> [Source material]
---*---

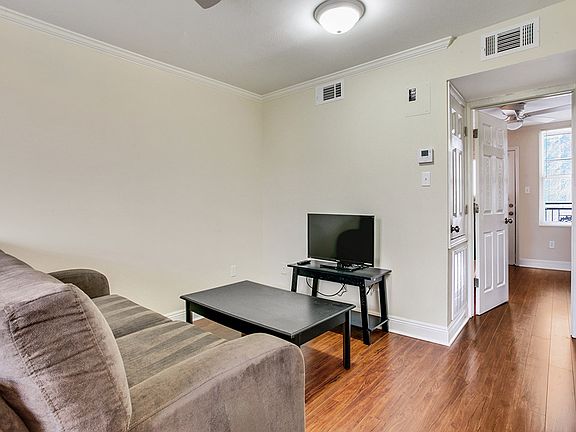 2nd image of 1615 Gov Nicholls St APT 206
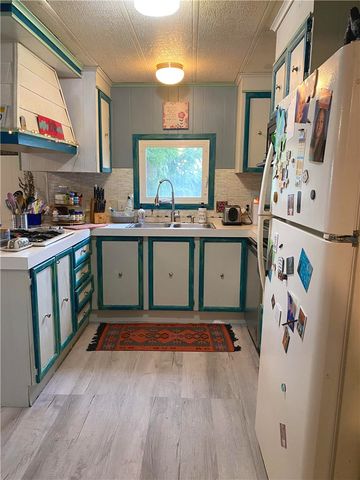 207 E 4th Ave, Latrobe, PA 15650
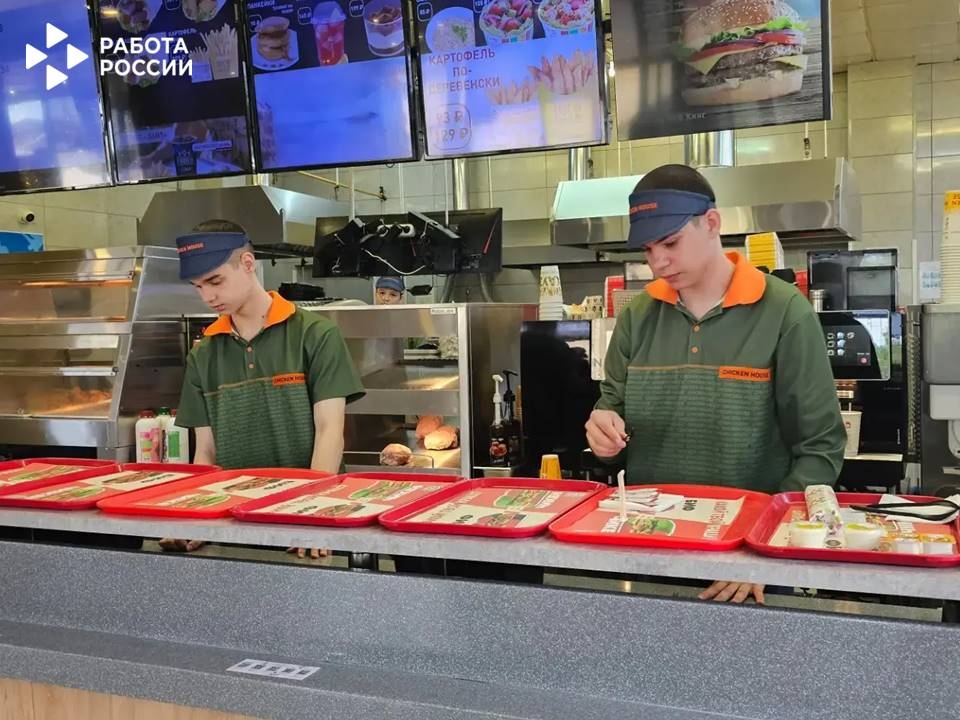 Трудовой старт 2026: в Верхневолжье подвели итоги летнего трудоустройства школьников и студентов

---*---

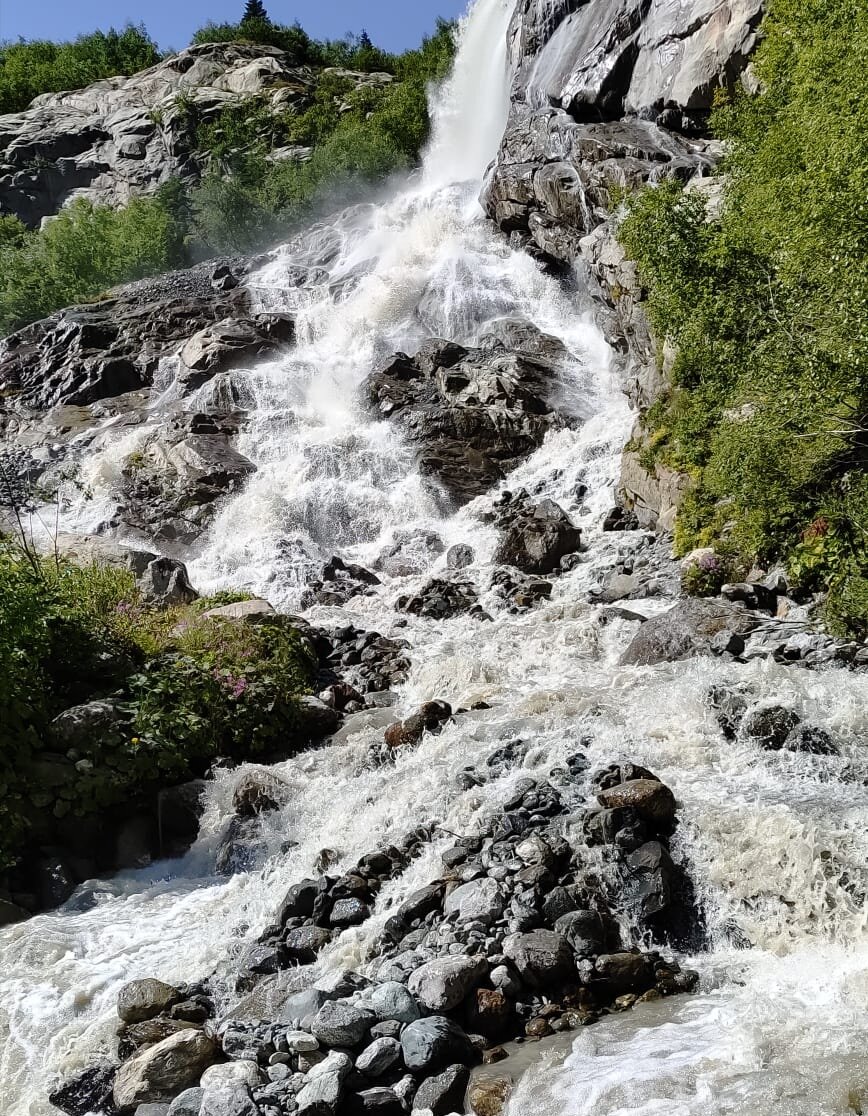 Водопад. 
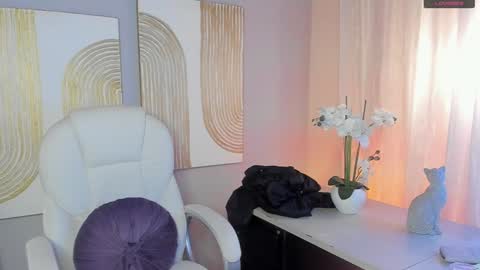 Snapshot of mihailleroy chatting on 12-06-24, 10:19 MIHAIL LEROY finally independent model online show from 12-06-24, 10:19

---*---

> [Problem description] I would like the exact lines from the data above, starting with the one that holds "2nd image of 1615 Gov Nicholls St APT 206" and going on through the one that holds "Трудовой старт 2026: в", without the pictures.

> [Written solution]
 2nd image of 1615 Gov Nicholls St APT 206
 207 E 4th Ave, Latrobe, PA 15650
 Трудовой старт 2026: в Верхневолжье подвели итоги летнего трудоустройства школьников и студентов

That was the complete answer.